O órgão também pediu mais detalhes sobre as novas ações, "para avaliar em que medida elas podem, eventualmente, impactar direitos dos usuários destas plataformas que vivem em nosso país", estabelecendo 30 dias úteis para que os representantes legais da empresa no Brasil se manifestem.

Rejeição

Algumas entidades brasileiras se manifestaram abertamente contra as alterações nas políticas de moderação da Meta. Nesta quarta-feira (8), a Coalizão Direitos na Rede divulgou um manifesto de repúdio, assinado por mais de 75 entidades, que declara que as propostas colocam em risco a integridade de usuários de grupos vulneráveis que usam essas plataformas, representando também um retrocesso nos esforços para que os ambientes digitais se tornem mais seguros e democráticos.

- A empresa sinaliza que não terá mais ações de moderação de conteúdos contra desinformação, discurso de ódio e outras políticas de proteção a favor das pessoas mais vulnerabilizadas. O CEO da Meta explicitamente admite aceitar os riscos de que essas novas políticas possam filtrar menos conteúdos nocivos do que as anteriores - acrescenta o texto.

O documento é assinado, entre outras entidades, pelo Instituto de Defesa de Consumidores (Idec), Central Única dos Trabalhadores (CUT), Associação Brasileira de Juristas Pela Democracia (ABJD), Associação Brasileira de Organizações Não Governamentais (Abong), Ação Educativa, e Intervozes - Coletivo Brasil de Comunicação Social.

De acordo com o texto, atualmente, já são falhas as políticas de moderação de conteúdo das redes da Meta, tornando possíveis práticas de violência de gênero, ações contra a proteção de crianças e adolescentes, e permitindo o crescimento de grupos que propagam discurso de ódio e desinformação.

Para a coalizão, as novas medidas propostas pioram a situação ao negligenciar os impactos reais dessas práticas de violência online, "além de abrir caminho para a proliferação de conteúdos prejudiciais que desestabilizam sociedades e minam processos democráticos".

No estado do Rio de Janeiro, o Coordenador do Programa Estadual Rio sem LGBTIfobia, Ernane Alexandre, também expressou preocupação sobre o impacto dessas alterações na presença online de pessoas LGBTI , classificando a decisão como um dos sinais de um possível "retrocesso de lutas históricas no combate à LGBTIfobia".

- A mudança dessas diretrizes nos leva a pensar no equilíbrio da liberdade de expressão, garantida por lei no nosso país, com a proteção de grupos que são considerados vulneráveis, como a população LGBTQIAPN , e garantia de um ambiente digital saudável.

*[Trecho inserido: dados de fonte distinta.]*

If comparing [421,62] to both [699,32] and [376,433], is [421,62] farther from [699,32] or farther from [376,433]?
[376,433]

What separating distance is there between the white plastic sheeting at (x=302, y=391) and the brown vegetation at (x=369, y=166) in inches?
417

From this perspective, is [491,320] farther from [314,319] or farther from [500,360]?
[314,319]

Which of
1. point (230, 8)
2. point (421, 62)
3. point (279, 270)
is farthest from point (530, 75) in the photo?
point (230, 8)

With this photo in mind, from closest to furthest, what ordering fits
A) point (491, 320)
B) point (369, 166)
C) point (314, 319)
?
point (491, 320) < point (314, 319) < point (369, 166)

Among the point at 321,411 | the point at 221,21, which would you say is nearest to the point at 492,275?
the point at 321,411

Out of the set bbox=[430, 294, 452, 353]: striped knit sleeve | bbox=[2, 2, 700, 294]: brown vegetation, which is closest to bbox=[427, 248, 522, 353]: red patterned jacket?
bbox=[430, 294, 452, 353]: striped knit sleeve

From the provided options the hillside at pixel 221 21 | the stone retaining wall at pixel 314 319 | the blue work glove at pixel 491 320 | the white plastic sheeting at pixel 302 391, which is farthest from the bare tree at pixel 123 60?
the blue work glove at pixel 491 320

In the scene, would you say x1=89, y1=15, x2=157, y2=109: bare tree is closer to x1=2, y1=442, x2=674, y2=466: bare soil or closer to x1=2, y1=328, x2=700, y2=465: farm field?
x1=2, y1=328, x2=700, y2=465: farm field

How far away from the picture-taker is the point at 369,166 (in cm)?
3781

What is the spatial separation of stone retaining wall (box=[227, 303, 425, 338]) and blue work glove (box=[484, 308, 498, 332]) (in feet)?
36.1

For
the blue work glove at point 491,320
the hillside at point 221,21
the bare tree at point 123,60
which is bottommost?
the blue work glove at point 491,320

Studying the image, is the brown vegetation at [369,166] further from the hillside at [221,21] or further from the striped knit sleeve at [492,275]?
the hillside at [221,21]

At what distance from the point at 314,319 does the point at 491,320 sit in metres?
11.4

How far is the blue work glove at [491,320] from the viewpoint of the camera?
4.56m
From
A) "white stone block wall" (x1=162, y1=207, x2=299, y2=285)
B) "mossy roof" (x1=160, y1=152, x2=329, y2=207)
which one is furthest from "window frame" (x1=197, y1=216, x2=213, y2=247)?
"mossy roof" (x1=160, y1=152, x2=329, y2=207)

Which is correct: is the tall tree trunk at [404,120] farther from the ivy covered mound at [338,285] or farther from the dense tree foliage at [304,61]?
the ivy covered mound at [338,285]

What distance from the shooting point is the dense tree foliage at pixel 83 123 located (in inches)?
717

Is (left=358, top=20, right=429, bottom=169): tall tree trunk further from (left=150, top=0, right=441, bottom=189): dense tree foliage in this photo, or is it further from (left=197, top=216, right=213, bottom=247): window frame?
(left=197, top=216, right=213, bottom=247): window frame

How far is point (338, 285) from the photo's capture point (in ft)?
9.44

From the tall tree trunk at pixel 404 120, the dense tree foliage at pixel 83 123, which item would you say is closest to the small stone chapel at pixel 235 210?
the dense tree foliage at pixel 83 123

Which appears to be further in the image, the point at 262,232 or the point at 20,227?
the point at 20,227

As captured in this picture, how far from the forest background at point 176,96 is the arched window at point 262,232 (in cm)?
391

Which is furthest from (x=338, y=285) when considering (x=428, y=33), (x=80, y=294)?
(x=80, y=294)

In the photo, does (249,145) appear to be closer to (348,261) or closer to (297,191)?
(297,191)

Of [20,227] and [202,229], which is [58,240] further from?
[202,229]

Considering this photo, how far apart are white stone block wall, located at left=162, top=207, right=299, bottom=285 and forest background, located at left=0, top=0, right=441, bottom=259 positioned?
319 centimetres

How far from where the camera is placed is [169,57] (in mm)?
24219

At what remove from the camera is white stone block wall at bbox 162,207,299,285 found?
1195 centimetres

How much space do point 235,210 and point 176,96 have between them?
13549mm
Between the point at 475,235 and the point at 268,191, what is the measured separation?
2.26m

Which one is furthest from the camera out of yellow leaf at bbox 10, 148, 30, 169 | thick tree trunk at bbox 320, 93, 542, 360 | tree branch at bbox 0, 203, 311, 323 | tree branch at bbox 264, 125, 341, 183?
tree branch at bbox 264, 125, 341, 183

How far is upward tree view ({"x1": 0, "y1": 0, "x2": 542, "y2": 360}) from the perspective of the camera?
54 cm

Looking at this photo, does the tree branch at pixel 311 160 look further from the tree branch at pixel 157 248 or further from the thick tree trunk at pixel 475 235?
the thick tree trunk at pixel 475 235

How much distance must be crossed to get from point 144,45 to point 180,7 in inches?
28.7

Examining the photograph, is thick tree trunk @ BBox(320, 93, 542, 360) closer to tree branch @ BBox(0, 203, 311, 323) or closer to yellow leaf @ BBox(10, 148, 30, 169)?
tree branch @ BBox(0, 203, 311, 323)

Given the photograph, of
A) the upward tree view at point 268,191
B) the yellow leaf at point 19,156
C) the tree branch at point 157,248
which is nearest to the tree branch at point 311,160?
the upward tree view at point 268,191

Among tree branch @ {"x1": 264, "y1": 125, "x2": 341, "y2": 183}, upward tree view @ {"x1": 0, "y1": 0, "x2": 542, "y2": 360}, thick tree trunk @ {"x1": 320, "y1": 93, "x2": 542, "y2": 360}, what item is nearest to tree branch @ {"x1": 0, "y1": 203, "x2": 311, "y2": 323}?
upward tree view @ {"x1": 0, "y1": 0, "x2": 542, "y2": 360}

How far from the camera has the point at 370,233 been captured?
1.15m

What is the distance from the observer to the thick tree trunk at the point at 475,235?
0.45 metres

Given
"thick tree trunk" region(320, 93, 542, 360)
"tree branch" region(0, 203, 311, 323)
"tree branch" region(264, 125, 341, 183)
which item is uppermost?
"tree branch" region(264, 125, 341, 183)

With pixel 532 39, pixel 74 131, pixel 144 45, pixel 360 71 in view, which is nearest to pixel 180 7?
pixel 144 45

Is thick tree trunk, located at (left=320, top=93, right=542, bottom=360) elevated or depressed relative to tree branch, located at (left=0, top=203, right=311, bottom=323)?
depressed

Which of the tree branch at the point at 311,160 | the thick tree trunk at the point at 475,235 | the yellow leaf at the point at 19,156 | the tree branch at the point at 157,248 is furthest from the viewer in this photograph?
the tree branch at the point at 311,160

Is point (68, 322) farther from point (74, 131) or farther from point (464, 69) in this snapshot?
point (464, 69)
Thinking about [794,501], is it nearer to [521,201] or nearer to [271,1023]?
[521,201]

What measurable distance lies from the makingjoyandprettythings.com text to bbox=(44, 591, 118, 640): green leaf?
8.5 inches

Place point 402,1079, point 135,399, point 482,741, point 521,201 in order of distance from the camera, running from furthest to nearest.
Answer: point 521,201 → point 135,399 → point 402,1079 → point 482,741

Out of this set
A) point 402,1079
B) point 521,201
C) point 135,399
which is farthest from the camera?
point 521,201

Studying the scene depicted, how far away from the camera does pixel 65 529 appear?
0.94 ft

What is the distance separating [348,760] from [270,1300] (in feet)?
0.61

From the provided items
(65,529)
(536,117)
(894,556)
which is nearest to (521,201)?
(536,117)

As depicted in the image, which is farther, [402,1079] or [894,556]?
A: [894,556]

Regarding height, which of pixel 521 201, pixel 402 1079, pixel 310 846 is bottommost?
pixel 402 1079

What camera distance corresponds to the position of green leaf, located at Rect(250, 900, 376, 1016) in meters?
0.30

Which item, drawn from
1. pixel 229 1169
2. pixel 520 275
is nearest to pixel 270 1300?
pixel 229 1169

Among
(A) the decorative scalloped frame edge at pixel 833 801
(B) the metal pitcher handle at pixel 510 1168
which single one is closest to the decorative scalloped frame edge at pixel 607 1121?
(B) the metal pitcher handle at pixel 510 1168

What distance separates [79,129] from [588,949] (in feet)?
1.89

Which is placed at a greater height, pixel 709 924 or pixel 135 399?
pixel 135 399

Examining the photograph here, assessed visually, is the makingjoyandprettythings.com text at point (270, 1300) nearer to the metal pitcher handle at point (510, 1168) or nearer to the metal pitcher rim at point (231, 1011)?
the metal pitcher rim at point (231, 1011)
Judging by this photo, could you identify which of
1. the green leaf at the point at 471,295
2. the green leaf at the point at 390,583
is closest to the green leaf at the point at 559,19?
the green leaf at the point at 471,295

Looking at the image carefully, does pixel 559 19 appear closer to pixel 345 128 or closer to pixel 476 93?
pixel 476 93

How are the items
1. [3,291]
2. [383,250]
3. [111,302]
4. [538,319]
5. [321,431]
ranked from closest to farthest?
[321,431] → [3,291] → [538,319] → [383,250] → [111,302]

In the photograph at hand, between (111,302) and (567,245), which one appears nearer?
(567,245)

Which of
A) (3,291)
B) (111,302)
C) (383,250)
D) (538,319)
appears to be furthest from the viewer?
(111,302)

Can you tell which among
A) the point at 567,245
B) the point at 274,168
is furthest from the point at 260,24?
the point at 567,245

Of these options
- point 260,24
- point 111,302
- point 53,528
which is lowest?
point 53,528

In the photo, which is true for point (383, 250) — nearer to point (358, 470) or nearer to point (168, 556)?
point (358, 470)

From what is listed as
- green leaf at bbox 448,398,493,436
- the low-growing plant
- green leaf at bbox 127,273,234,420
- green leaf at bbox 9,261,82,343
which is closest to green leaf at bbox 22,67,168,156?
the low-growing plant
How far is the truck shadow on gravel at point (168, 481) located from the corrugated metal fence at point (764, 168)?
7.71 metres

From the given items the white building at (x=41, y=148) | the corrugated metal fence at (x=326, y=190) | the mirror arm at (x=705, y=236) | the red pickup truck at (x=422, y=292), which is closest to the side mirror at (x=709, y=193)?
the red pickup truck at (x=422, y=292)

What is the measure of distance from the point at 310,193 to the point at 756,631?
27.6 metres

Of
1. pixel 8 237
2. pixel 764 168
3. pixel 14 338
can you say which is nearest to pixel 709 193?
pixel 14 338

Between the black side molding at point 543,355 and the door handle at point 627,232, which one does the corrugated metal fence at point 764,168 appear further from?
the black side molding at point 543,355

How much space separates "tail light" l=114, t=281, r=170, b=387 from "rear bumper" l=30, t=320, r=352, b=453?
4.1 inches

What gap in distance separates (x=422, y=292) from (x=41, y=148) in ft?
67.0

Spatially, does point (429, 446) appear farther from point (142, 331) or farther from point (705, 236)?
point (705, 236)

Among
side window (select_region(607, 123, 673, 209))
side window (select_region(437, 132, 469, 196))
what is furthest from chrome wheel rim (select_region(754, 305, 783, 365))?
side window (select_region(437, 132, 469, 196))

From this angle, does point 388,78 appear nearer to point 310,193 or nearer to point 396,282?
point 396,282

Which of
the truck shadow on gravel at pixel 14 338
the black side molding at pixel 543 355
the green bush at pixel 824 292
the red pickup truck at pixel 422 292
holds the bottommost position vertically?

O direito de se expressar deve ser limitado quando se põem em risco a dignidade de outras pessoas - declara.

Ernane destaca que as plataformas digitais deveriam pensar no aprimoramento das tecnologias de checagem de informação e identificação de discurso de ódio, frisando também a necessidade da "educação digital" dos usuários para que o comportamento dos perfis nas redes sociais apresente um equilíbrio entre o direito de expressão e a responsabilidade na propagação de ideias. "Não devemos confundir liberdade de expressão com impunidade para agressão", conclui.